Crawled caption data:
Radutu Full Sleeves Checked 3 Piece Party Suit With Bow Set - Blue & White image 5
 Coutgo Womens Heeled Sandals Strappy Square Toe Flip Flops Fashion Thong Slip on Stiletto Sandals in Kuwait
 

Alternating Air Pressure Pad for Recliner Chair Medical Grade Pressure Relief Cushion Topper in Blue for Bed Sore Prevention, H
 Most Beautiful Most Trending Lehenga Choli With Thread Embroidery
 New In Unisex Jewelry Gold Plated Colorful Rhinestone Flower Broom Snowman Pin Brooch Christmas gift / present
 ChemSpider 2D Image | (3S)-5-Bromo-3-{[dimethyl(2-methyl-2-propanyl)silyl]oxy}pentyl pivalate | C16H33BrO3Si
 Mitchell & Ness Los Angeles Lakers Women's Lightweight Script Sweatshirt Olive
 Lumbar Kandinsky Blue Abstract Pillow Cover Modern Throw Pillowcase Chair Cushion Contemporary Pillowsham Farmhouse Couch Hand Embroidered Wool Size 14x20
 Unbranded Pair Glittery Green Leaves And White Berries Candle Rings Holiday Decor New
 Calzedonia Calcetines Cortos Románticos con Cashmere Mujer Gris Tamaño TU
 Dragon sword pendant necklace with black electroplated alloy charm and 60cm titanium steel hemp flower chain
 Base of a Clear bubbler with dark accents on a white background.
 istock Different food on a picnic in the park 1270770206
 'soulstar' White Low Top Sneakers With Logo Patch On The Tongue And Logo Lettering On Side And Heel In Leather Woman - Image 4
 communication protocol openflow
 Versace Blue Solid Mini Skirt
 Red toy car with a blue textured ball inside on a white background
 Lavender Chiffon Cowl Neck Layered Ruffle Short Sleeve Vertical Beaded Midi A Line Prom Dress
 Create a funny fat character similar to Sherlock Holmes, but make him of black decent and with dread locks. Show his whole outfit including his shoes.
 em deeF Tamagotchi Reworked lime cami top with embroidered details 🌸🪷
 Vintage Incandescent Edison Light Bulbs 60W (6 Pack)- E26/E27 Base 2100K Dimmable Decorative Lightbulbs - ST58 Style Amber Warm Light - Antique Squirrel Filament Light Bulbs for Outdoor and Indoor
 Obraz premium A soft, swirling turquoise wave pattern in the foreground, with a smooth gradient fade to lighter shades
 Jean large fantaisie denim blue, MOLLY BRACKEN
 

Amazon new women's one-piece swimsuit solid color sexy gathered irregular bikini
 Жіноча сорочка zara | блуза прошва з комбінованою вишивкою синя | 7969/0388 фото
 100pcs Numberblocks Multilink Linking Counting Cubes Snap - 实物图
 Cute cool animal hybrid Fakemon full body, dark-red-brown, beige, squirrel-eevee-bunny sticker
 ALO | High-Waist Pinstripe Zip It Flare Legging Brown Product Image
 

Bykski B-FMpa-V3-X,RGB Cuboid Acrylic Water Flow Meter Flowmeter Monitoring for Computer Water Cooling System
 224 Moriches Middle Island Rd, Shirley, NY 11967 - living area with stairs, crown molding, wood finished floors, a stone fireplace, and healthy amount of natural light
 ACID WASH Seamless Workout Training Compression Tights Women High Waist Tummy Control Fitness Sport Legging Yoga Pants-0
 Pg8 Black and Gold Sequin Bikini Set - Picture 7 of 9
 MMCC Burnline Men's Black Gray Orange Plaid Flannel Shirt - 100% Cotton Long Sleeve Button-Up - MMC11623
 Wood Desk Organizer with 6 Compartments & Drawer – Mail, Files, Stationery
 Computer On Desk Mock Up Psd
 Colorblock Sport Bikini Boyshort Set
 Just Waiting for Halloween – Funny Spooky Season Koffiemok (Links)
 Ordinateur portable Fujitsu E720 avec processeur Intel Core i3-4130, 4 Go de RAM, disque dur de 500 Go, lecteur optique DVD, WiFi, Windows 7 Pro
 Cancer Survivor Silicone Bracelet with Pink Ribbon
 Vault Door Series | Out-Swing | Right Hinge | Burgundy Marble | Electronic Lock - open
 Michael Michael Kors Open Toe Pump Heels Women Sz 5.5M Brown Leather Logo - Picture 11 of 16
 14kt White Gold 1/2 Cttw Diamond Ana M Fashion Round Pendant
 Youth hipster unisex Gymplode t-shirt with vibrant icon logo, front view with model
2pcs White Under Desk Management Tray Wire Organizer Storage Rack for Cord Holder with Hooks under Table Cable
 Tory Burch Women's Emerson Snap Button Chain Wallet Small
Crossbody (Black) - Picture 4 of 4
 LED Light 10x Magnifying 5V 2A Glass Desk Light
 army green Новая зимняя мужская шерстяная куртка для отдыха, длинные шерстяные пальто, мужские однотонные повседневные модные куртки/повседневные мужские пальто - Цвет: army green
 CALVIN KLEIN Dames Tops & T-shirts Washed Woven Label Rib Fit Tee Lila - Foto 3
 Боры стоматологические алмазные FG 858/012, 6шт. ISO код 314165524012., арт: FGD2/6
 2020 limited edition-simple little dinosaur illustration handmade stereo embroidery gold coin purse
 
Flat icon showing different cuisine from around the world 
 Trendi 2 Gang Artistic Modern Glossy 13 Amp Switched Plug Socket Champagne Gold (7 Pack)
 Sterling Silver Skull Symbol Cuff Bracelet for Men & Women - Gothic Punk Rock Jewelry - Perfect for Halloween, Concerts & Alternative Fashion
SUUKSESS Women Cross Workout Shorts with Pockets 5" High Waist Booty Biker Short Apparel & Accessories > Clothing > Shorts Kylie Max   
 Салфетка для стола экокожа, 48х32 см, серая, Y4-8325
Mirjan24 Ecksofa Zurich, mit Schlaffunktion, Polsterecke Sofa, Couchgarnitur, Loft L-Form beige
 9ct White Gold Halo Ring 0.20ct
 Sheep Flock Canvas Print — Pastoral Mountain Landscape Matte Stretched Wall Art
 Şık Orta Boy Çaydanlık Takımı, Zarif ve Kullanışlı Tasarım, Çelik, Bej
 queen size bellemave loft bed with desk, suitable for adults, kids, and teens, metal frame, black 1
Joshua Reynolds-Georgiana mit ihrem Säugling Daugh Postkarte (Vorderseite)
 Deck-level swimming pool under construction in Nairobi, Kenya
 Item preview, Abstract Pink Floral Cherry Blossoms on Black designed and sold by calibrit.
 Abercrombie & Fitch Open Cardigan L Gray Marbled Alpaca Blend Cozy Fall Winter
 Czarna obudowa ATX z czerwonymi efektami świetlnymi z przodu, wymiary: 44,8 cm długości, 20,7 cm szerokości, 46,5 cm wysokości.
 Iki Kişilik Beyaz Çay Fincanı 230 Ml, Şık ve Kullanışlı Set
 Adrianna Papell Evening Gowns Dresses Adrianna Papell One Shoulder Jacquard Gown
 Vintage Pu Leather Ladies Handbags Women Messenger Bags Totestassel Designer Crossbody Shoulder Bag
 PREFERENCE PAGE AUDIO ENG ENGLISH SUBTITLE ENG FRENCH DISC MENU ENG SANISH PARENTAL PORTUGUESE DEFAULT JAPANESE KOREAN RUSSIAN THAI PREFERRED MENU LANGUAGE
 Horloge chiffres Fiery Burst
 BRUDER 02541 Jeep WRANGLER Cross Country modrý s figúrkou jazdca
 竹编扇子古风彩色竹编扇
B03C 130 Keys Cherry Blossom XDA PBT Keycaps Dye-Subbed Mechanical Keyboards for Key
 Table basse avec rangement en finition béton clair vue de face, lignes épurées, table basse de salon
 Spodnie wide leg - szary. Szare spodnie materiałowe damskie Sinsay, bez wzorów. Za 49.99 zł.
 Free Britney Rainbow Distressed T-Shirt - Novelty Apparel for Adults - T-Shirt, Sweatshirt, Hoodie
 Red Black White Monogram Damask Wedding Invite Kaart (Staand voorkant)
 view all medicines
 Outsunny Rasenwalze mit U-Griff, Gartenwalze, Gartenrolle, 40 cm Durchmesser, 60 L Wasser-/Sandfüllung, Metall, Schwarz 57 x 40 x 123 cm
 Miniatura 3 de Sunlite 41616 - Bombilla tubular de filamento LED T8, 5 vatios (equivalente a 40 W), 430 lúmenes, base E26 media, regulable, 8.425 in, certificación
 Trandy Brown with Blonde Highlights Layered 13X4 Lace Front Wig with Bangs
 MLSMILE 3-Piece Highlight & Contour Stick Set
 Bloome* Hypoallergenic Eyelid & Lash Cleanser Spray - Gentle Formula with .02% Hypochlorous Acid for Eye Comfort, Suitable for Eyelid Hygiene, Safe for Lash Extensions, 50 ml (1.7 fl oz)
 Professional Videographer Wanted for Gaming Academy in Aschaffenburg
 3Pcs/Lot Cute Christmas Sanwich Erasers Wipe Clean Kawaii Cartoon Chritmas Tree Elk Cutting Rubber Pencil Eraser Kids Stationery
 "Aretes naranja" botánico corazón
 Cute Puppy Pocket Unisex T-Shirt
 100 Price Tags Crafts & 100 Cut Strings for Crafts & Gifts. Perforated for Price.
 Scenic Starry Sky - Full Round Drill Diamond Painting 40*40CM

▶ Work request:
Print exactly the lines of the records from the one containing "B03C 130 Keys" through the end, and nothing besides them.

▶ Your solution:
B03C 130 Keys Cherry Blossom XDA PBT Keycaps Dye-Subbed Mechanical Keyboards for Key
 Table basse avec rangement en finition béton clair vue de face, lignes épurées, table basse de salon
 Spodnie wide leg - szary. Szare spodnie materiałowe damskie Sinsay, bez wzorów. Za 49.99 zł.
 Free Britney Rainbow Distressed T-Shirt - Novelty Apparel for Adults - T-Shirt, Sweatshirt, Hoodie
 Red Black White Monogram Damask Wedding Invite Kaart (Staand voorkant)
 view all medicines
 Outsunny Rasenwalze mit U-Griff, Gartenwalze, Gartenrolle, 40 cm Durchmesser, 60 L Wasser-/Sandfüllung, Metall, Schwarz 57 x 40 x 123 cm
 Miniatura 3 de Sunlite 41616 - Bombilla tubular de filamento LED T8, 5 vatios (equivalente a 40 W), 430 lúmenes, base E26 media, regulable, 8.425 in, certificación
 Trandy Brown with Blonde Highlights Layered 13X4 Lace Front Wig with Bangs
 MLSMILE 3-Piece Highlight & Contour Stick Set
 Bloome* Hypoallergenic Eyelid & Lash Cleanser Spray - Gentle Formula with .02% Hypochlorous Acid for Eye Comfort, Suitable for Eyelid Hygiene, Safe for Lash Extensions, 50 ml (1.7 fl oz)
 Professional Videographer Wanted for Gaming Academy in Aschaffenburg
 3Pcs/Lot Cute Christmas Sanwich Erasers Wipe Clean Kawaii Cartoon Chritmas Tree Elk Cutting Rubber Pencil Eraser Kids Stationery
 "Aretes naranja" botánico corazón
 Cute Puppy Pocket Unisex T-Shirt
 100 Price Tags Crafts & 100 Cut Strings for Crafts & Gifts. Perforated for Price.
 Scenic Starry Sky - Full Round Drill Diamond Painting 40*40CM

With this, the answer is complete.